Material for this exercise:
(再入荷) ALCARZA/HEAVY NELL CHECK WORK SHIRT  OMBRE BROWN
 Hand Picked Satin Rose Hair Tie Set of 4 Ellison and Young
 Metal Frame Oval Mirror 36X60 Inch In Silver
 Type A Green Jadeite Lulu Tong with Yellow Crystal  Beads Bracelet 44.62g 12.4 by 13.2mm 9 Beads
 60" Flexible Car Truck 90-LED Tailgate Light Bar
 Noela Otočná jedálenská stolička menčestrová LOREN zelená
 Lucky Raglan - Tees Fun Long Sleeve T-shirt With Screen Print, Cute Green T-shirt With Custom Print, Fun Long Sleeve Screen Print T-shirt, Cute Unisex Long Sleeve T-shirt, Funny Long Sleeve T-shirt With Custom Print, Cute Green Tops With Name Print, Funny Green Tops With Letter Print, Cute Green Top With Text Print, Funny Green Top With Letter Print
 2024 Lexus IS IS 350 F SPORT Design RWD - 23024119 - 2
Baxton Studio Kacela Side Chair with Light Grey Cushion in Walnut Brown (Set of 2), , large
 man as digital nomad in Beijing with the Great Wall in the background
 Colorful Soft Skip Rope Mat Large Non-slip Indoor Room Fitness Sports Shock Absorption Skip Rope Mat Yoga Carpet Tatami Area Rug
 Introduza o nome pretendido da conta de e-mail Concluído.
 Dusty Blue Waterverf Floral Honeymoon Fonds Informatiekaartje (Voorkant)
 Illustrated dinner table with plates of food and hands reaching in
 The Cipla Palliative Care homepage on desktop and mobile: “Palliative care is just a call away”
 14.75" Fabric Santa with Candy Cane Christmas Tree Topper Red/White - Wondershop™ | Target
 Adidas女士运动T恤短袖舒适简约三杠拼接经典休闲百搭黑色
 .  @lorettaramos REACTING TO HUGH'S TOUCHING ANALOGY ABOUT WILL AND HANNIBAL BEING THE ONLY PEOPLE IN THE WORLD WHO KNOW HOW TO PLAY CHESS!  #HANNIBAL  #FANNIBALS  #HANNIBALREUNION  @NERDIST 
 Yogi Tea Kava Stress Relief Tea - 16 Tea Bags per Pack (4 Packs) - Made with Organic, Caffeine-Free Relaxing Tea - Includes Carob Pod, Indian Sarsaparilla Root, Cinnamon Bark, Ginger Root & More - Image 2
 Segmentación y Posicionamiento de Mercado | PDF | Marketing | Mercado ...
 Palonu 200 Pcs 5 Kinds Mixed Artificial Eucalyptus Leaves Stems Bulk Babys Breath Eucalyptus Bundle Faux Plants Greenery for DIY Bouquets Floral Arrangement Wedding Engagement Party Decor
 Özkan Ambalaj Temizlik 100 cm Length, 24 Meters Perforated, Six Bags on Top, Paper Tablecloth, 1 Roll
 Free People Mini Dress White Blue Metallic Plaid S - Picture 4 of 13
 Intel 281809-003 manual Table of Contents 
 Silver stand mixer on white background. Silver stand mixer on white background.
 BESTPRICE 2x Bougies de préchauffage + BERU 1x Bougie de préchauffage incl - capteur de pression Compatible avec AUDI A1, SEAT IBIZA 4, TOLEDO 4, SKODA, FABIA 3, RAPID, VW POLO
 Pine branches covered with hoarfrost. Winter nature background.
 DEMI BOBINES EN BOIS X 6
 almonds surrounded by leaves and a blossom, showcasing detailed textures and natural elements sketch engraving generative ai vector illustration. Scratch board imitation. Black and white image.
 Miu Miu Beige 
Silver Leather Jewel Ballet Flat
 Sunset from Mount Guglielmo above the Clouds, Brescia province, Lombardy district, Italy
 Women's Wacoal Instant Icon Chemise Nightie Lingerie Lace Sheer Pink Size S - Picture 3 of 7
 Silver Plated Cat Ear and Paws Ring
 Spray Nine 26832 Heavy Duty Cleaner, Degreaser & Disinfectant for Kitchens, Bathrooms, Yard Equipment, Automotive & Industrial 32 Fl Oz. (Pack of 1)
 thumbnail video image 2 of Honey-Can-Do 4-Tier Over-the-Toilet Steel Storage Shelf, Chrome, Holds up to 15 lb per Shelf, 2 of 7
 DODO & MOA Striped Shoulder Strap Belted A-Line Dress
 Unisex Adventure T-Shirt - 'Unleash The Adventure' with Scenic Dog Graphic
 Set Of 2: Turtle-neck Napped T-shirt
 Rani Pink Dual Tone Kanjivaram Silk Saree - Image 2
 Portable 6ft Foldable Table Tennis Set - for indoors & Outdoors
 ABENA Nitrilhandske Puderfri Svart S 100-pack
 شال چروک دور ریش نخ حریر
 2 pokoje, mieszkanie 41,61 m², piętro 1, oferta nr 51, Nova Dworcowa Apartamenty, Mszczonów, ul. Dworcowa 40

Task statement: Determine the number of lines in the entries that contain "Unisex", then write that number alone.

The completed task: 2